Relevant demographic data were extracted from medical records, including sex, age, duration of AH, height, weight, and the season of hospitalization as defined by the astronomical division method. Nutritional status was assessed using age- and sex-adjusted body mass index (BMI). According to the World Health Organization (WHO) 2006 child growth standards, subjects with a BMI below the 5th percentile for their sex and age group were classified as underweight, those with a BMI between the 85th and 95th percentiles were categorized as overweight, and those with a BMI at or above the 95th percentile were considered obese [25, 26]. Serum vitamin D3 levels were measured using a chemiluminescence immunoassay (CLIA) platform (CL-8000i, Mindray), with a coefficient of variation of ≤10%. Vitamin D3 deficiency was defined as a serum level of ≤20 ng/mL [27]. The percentages of neutrophils, lymphocytes, eosinophils, monocytes, and basophils were recorded during routine blood examinations. Additionally, allergen test results and total immunoglobulin E (IgE) levels were included.
Ethical statement
The study was conducted in accordance with the principles of the Declaration of Helsinki and was approved by the ethics committee of The First Affiliated Hospital of Anhui Medical University (Approval No. PJ 2023-13-30). Informed consent was obtained from the parents of all participants.
Statistical analysis
Descriptive statistics were performed using IBM SPSS Statistics for Windows, version 26.0. Continuous data with normal distributions were expressed as means ± standard deviation, while continuous data with skewed distributions were presented as medians (p25, p75), and discrete data were reported as N (%). Prior to data filtering, continuous variables were categorized based on the 5th, 35th, 65th, and 95th percentiles [28]. The least absolute shrinkage and selection operator (LASSO) method, suitable for high-dimensional data reduction, was employed to select optimal predictive features among the risk factors associated with AH in children [29, 30]. A Firth’s penalized logistic regression was conducted for final variable selection and predictive model development, utilizing the selected features to estimate the probability of outcome occurrence [31]. A two-sided P value of <0.05 was considered statistically significant. The predictive model was represented as a nomogram.
Results
This study involved 311 children diagnosed with AH. The male-to-female ratio among participants was approximately 3:2, with 186 male and 125 female patients categorized into two groups based on tympanocentesis findings: those with COME and those without. Table 1 summarizes the demographic and clinical characteristics of the participants.

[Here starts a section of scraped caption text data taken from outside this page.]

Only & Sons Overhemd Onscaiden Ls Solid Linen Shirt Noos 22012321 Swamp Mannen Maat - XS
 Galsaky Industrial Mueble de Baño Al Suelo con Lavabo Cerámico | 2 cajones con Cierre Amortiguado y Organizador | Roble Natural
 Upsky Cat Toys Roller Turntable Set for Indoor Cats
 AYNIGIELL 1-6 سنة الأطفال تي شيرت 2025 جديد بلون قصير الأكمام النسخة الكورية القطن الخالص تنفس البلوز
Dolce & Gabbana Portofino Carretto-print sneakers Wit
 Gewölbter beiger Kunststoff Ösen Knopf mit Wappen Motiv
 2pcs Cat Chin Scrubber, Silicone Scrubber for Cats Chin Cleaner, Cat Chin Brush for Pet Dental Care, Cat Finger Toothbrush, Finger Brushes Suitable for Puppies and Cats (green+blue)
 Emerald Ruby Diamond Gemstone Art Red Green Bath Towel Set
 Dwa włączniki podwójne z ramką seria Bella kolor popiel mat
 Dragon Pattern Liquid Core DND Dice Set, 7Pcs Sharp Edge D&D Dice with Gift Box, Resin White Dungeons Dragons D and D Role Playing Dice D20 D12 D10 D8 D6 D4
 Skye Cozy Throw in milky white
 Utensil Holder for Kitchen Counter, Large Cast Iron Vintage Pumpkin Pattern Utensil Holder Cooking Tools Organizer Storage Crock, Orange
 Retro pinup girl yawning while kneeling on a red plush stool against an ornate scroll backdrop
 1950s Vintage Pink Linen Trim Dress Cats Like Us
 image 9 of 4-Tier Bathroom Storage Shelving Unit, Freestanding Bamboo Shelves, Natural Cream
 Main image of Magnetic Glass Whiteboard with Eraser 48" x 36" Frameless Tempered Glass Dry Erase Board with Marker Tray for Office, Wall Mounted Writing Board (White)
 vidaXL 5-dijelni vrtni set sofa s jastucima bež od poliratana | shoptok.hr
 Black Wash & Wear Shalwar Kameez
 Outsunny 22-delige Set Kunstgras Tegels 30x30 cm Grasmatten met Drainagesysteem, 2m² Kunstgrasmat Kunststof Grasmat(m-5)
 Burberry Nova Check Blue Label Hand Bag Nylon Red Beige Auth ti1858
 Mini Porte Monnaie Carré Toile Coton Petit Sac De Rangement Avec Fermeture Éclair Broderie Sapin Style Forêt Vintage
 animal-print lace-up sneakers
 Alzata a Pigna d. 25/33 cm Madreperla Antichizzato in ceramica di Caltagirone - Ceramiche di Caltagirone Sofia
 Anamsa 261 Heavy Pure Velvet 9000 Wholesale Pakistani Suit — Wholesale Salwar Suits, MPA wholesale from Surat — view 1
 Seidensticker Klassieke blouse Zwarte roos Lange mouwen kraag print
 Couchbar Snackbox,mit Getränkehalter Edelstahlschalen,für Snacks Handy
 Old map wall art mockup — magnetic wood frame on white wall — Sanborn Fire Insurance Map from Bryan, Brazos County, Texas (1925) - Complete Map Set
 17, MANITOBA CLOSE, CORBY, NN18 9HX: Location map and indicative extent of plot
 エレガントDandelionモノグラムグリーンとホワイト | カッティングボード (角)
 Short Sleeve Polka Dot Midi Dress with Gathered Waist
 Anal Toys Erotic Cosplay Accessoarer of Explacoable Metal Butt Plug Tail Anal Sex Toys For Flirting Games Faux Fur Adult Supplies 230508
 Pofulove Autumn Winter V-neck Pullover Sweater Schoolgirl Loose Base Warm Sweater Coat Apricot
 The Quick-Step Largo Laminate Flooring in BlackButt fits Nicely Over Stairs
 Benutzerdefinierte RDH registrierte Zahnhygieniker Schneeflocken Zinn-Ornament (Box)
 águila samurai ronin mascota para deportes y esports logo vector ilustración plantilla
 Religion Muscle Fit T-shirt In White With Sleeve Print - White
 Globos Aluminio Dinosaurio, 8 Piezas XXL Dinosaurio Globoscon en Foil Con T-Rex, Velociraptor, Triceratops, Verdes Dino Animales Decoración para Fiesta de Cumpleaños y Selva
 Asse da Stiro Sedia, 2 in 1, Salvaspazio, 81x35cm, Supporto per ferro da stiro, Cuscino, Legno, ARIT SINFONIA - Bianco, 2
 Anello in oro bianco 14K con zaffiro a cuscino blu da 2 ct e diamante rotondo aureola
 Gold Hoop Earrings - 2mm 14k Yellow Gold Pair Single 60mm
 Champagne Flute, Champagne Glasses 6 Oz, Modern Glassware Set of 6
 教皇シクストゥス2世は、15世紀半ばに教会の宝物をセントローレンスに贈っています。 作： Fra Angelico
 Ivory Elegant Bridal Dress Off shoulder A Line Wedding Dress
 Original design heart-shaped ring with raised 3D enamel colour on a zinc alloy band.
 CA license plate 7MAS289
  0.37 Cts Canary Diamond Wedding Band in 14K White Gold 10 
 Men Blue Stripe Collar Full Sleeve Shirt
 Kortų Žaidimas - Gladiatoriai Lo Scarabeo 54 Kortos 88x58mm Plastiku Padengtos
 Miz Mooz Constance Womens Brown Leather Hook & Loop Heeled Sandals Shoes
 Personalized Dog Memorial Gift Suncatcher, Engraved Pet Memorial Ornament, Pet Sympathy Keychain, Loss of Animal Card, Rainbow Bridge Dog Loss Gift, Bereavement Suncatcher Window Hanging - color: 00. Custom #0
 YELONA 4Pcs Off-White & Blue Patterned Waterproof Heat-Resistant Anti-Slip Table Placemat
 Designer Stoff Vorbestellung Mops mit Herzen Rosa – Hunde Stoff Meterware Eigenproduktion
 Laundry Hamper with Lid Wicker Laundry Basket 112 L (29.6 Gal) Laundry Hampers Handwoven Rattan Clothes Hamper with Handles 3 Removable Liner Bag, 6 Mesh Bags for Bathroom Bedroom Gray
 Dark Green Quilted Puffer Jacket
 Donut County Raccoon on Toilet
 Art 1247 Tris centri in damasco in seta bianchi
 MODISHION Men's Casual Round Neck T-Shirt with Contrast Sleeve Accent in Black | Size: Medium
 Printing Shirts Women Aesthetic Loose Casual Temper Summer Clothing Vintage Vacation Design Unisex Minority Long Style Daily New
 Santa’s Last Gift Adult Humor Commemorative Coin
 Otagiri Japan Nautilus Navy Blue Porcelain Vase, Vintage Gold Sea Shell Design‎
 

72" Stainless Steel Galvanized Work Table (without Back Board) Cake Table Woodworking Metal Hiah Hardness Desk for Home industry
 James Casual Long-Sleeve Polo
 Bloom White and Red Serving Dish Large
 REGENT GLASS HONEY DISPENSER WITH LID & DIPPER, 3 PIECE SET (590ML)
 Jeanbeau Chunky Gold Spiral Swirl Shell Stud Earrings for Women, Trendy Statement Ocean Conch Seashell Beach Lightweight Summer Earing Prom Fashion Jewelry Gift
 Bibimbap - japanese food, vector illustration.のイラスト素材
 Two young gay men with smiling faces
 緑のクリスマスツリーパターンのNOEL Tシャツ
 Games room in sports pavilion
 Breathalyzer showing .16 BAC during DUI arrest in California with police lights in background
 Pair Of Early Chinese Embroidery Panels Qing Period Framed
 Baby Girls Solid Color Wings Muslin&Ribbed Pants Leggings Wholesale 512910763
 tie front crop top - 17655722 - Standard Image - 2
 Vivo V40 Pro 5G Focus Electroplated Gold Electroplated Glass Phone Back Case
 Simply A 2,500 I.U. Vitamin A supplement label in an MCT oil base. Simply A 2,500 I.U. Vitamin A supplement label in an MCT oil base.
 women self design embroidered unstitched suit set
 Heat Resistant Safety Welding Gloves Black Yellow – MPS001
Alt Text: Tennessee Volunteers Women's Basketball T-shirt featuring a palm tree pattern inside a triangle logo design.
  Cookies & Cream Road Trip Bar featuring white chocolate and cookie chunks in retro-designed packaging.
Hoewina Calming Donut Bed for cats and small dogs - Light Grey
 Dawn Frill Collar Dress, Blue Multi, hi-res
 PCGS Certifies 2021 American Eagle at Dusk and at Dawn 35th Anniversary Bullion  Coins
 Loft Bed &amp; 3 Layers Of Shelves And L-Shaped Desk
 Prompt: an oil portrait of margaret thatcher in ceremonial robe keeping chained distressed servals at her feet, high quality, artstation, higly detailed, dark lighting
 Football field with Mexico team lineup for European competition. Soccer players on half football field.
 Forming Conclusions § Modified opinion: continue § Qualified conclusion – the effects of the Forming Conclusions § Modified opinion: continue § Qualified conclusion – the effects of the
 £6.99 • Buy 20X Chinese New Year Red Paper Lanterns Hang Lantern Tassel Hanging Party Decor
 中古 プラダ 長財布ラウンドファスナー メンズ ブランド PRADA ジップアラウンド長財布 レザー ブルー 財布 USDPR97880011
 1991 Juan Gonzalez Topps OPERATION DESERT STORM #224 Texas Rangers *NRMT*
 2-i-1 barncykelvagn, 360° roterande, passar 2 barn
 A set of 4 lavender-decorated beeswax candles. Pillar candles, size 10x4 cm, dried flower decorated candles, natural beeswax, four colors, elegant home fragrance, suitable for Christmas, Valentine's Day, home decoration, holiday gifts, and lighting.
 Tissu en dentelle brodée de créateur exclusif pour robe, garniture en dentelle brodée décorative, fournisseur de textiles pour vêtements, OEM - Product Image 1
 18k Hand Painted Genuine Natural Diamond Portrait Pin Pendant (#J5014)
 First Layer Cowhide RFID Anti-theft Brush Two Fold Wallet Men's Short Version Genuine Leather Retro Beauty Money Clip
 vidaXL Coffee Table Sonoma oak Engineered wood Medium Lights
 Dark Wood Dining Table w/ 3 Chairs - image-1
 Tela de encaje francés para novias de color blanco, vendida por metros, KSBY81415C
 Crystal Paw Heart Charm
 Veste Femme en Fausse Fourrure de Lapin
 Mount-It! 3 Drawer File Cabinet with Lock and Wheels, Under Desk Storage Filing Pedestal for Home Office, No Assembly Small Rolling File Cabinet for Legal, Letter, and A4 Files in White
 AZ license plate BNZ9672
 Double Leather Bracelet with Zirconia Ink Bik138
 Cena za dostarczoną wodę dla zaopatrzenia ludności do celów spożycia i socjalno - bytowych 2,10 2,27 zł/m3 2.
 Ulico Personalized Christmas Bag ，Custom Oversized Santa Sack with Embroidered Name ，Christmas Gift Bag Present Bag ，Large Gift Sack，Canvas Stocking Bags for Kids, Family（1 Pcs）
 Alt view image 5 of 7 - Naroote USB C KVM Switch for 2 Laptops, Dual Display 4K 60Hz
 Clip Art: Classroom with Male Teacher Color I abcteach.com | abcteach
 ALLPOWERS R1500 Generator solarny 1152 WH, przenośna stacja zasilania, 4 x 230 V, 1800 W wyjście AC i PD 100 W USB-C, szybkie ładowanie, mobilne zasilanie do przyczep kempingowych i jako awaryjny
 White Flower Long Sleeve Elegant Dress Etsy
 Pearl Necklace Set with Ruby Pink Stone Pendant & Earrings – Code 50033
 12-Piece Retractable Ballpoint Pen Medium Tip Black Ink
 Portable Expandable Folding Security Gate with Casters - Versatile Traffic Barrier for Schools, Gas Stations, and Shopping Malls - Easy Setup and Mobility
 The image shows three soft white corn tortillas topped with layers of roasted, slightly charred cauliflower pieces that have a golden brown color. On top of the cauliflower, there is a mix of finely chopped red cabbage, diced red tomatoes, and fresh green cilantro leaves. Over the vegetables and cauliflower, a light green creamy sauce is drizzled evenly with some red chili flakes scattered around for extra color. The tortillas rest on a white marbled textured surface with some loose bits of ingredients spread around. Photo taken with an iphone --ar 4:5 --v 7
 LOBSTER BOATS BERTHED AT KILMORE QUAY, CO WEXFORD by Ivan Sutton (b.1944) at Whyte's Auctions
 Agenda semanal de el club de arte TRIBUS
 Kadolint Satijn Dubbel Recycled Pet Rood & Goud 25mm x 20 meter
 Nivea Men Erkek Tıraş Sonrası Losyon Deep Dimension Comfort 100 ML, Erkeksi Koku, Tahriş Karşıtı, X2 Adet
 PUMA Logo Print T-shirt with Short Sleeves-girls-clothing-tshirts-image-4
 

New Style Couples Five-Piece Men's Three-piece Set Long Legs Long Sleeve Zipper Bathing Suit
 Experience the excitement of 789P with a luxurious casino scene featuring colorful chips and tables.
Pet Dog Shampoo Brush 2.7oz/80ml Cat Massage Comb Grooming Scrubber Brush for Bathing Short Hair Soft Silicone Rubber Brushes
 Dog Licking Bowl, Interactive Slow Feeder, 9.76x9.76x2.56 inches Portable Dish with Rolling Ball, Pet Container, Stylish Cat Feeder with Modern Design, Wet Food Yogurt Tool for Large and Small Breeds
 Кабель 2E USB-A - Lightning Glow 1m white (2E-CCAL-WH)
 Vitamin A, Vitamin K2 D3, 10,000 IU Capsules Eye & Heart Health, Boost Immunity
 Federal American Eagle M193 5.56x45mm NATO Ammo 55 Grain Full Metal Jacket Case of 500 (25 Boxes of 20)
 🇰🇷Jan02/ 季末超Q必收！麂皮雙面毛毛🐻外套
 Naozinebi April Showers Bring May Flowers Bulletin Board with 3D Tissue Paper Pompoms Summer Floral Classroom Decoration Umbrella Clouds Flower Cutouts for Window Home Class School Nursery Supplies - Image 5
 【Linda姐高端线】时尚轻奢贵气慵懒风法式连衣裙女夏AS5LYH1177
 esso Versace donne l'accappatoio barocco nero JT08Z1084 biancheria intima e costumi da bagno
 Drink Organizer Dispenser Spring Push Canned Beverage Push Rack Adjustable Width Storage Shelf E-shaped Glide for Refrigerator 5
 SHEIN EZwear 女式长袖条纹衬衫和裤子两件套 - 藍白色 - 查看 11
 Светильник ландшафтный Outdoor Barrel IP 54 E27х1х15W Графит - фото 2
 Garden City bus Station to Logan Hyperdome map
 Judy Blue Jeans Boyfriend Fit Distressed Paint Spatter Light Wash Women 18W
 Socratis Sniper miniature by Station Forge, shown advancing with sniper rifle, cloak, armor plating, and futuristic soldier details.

To address the limitations of linear assumptions, this study opted not to construct a full restricted cubic spline (RCS) model. Instead, we utilized four recommended knot positions (p5, p35, p65, p95) to convert continuous variables into multi-categorical variables (Table 2), thereby simplifying the analytical process while still capturing potential nonlinear trends [28]. Employing LASSO regression, we identified eight key features from the 311 children: age, preoperative tympanometry results, vitamin D3 deficiency, A/N ratio, degree of AH, season of hospitalization, and the percentages of lymphocytes and basophils (Figure 1). These variables were analyzed using Firth’s penalized logistic regression (Table 3), resulting in four independent risk factors that were statistically significant: preoperative tympanometry results, vitamin D3 deficiency, degree of AH, and age. A predictive model incorporating these four factors was developed and presented as a nomogram (Figure 2). The calibration curve of the nomogram for predicting the risk of COME in children with AH indicated a strong fit between the apparent and ideal lines (Figure 3). The C-index for the prediction nomogram was 0.945 (95% confidence interval [CI] 0.941, 0.949). Bootstrap validation, which recalibrated the coefficients for the final set of predictors, yielded a C-index of 0.934, further confirming the nomogram’s high discriminative power. The incidence of AH with COME in this predictive model was 21.2% (66/311), comparable to the findings of Niedzielski et al. (20.4%, 110/539) [32]. Within this threshold, the decision curve was consistently above the none and all lines (Figure 4), indicating that all patients could benefit from this predictive model within a threshold range of 10%–90%. Thus, this model demonstrates significant clinical applicability.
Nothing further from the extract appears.